THE TASK:
Using the line with "Ave majestuosa y" as your starting point, transcribe it and each line beneath it word for word until the records run out, without pictures.

EXERCISE MATERIAL:
──────
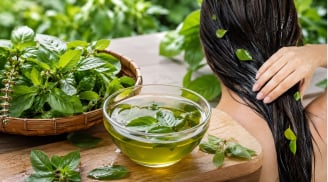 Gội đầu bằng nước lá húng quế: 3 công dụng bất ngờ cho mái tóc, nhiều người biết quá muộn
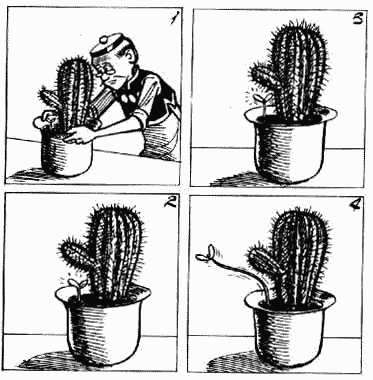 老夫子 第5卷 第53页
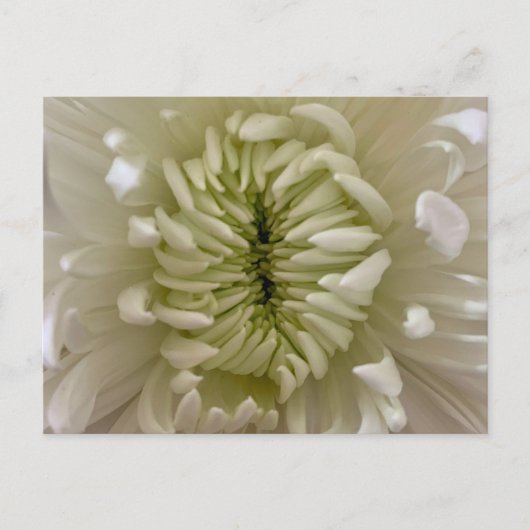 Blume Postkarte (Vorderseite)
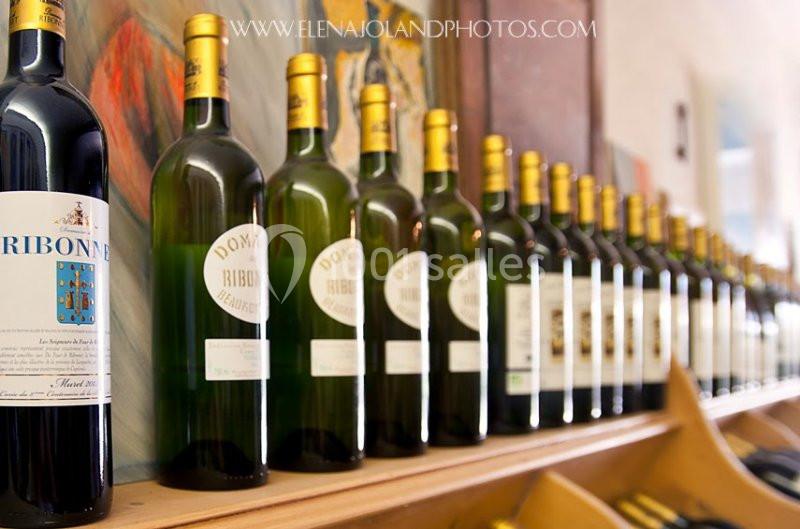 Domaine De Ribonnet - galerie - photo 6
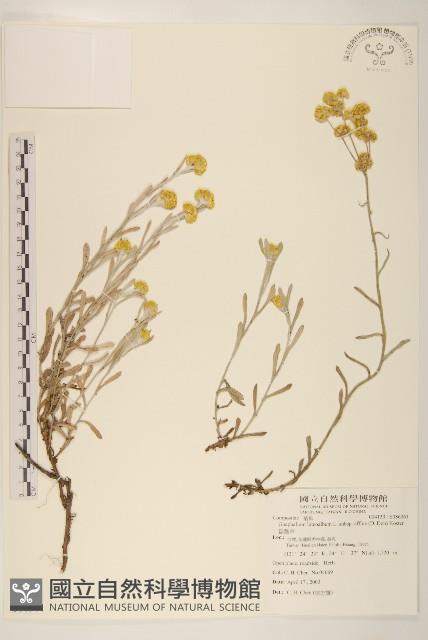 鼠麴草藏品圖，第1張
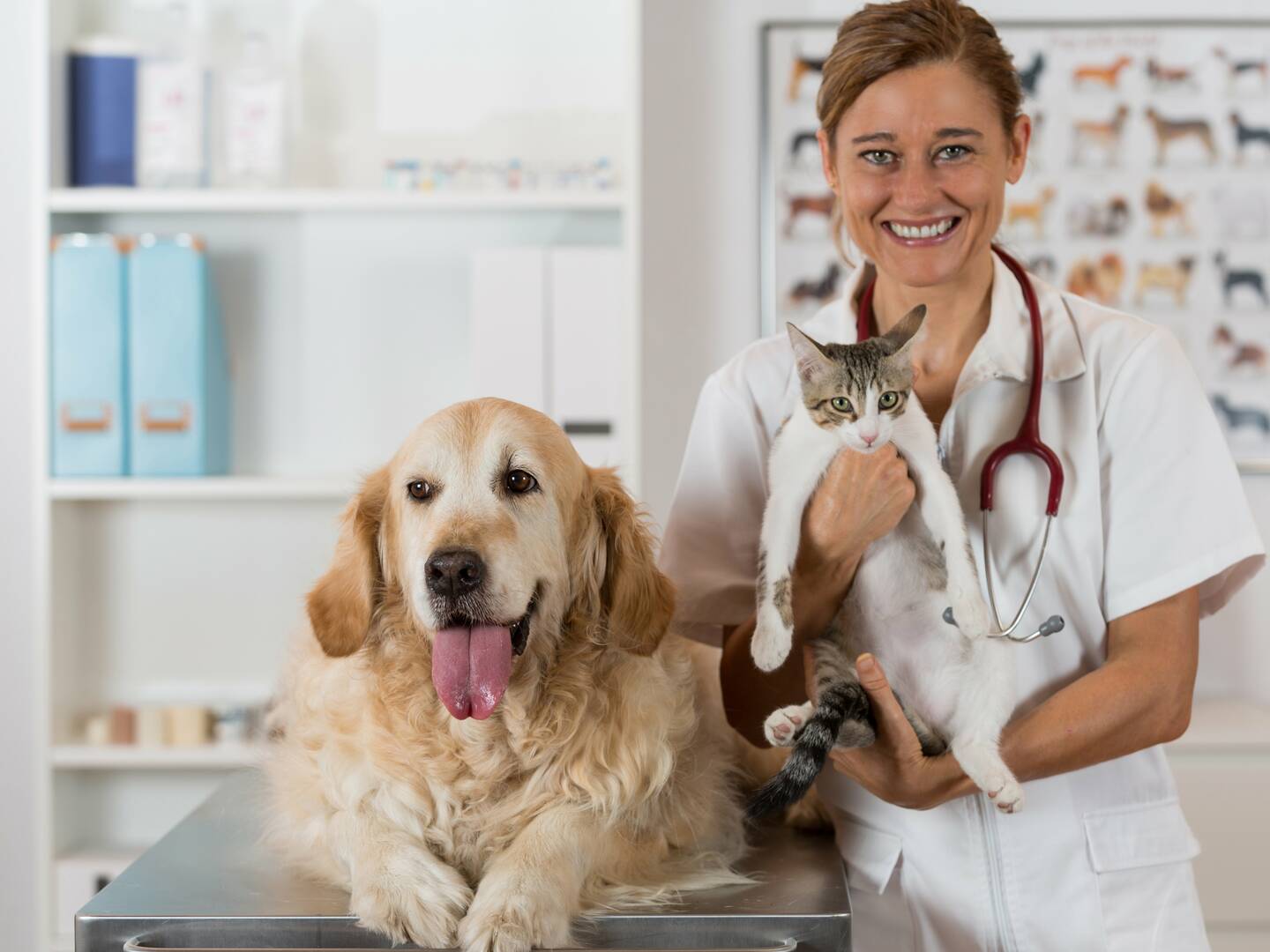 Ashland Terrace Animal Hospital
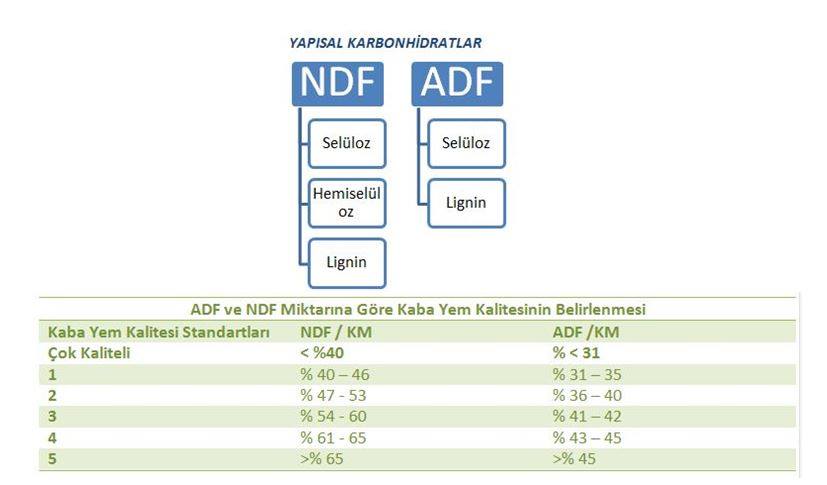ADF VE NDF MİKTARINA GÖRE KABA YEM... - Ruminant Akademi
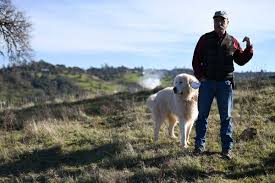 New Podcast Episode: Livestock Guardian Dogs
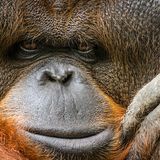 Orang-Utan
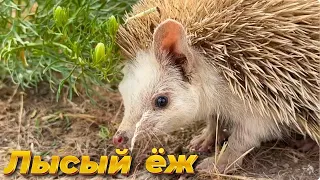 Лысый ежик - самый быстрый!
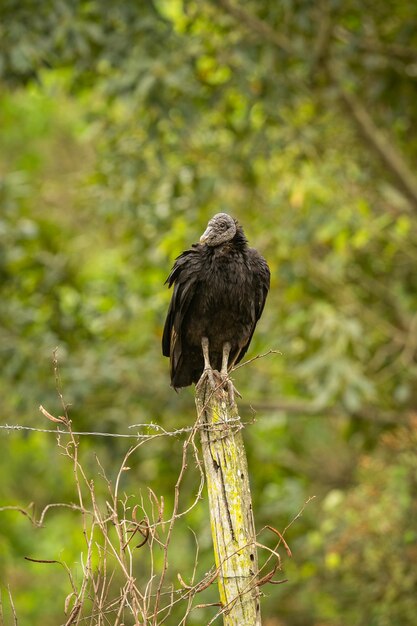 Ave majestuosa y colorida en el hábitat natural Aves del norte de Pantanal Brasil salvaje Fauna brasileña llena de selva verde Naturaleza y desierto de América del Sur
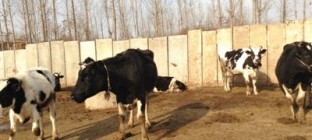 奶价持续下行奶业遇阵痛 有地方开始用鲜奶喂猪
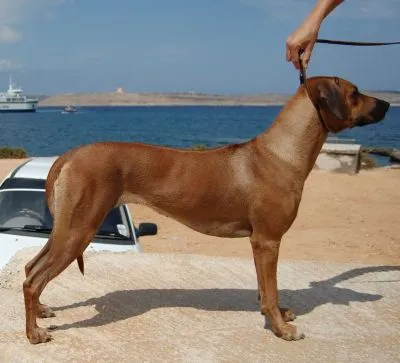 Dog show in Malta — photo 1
──────
SOLUTION TO THIS EXERCISE:
 Ave majestuosa y colorida en el hábitat natural Aves del norte de Pantanal Brasil salvaje Fauna brasileña llena de selva verde Naturaleza y desierto de América del Sur
 奶价持续下行奶业遇阵痛 有地方开始用鲜奶喂猪
 Dog show in Malta — photo 1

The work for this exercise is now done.